According to the five affected water companies, the Public Utilities Commission eliminated the surcharges, known as “decoupling mechanisms” or “revenue adjustment mechanisms,” without adequate notice in 2020.
However, the Public Utilities Commission argued in its response that the water companies were made aware during the process. At the same time, the commission claims the decoupling mechanisms could be abused in situations such as a rainy year, when customers require less water for landscaping, or during an economic downturn, when people conserve water.
The commission claims the decoupling mechanisms reduced the incentive to control costs and shifted risks away from the water company and onto their customers.

Court Agrees Notice Period Was Inadequate

In the July 8 court opinion authored by Justice Leondra R. Kruger on behalf of Chief Justice Patricia Guerrero and Justices Carol A. Corrigan, Goodwin H. Liu, Joshua P. Groban, Martin J. Jenkins, and Kelli Evans, California’s Supreme Court agreed the commission did not provide adequate notice.

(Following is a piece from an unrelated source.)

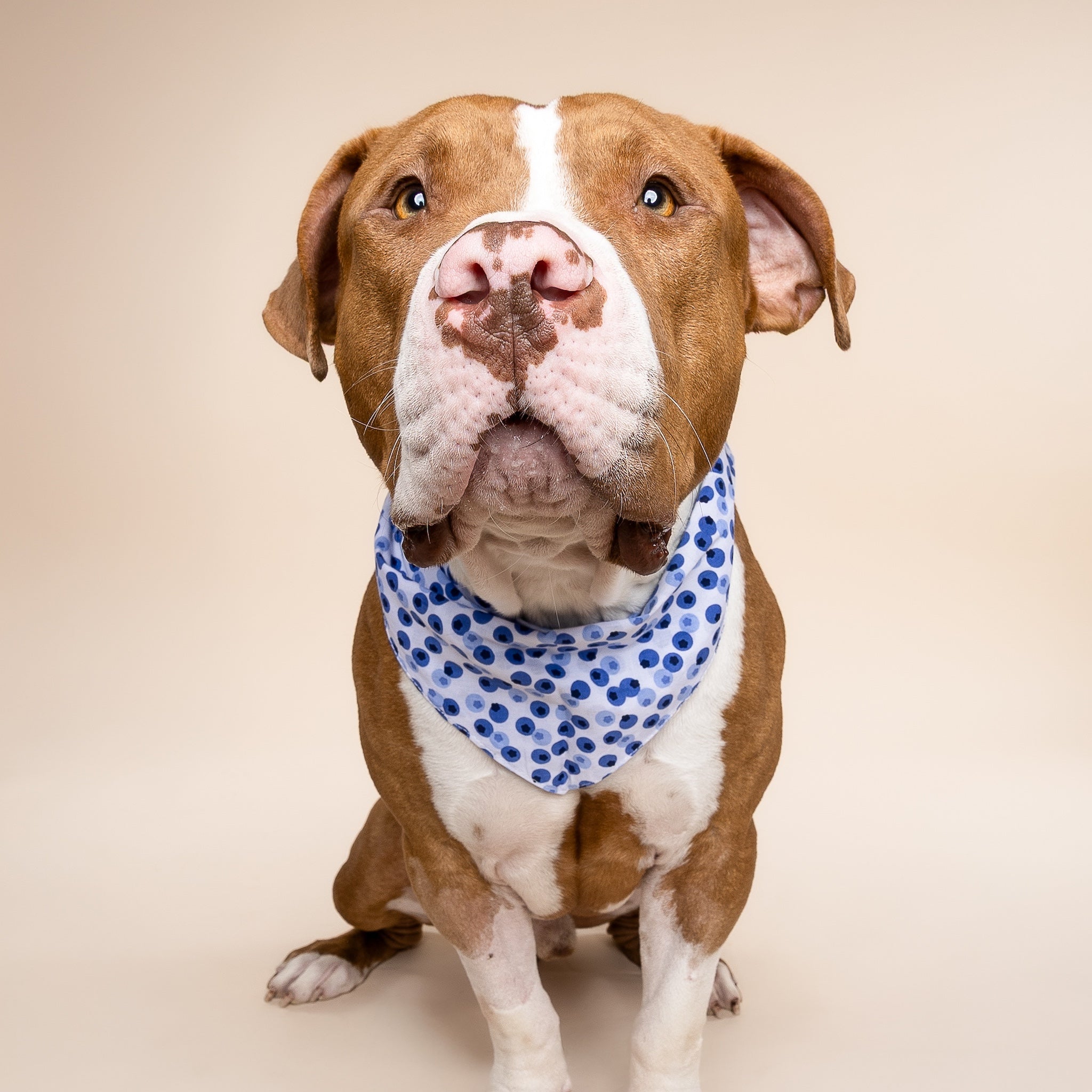 Berry Dog Bandana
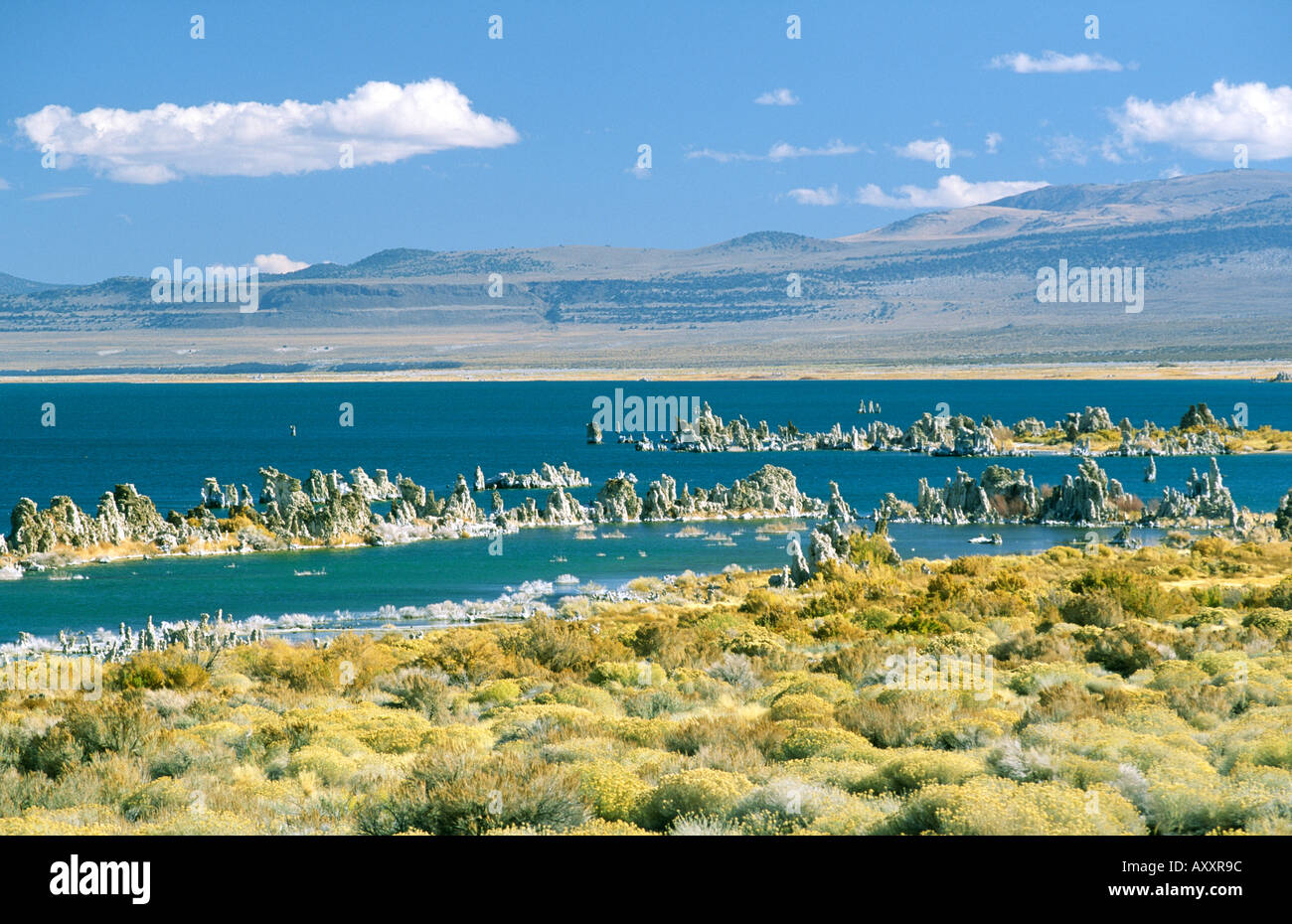 Mono Lake, Kalifornien, USA. Kalktuff-Formationen ausgesetzt durch Senkung der ursprüngliche Wasserstand im Mono Lake, jetzt ein Wasser-reservoir Stockfoto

Justice Kruger said the commission failed to clearly inform the affected water companies the surcharges were being eliminated.
“The issue before us does not concern the merits of this decision, but the process that led up to it. The question is whether the commission gave adequate notice that the elimination of the decoupling mechanism was one of the issues to be considered in the proceeding,” she said.
“We conclude that the answer is no. We further conclude that the commission’s failure to give adequate notice requires us to set the order aside.”
According to Justice Kruger, the commission’s central argument that a scoping memo made it clear to the water companies that surcharges were being removed left the judges “unpersuaded.”
“The scoping memos gave no signal that the forecasting issue included elimination of the Water Revenue Adjustment Mechanisms and Modified Cost Balancing Accounts, as opposed to, for example, improved forecast methodologies,” Justice Kruger said.
“The connection between those approaches and questions about how to improve forecasting is simply too attenuated to have given fair notice that the potential elimination of these approaches was within the scope of the proceeding.”
The Epoch Times has contacted the Public Utilities Commission for comment on the court decision.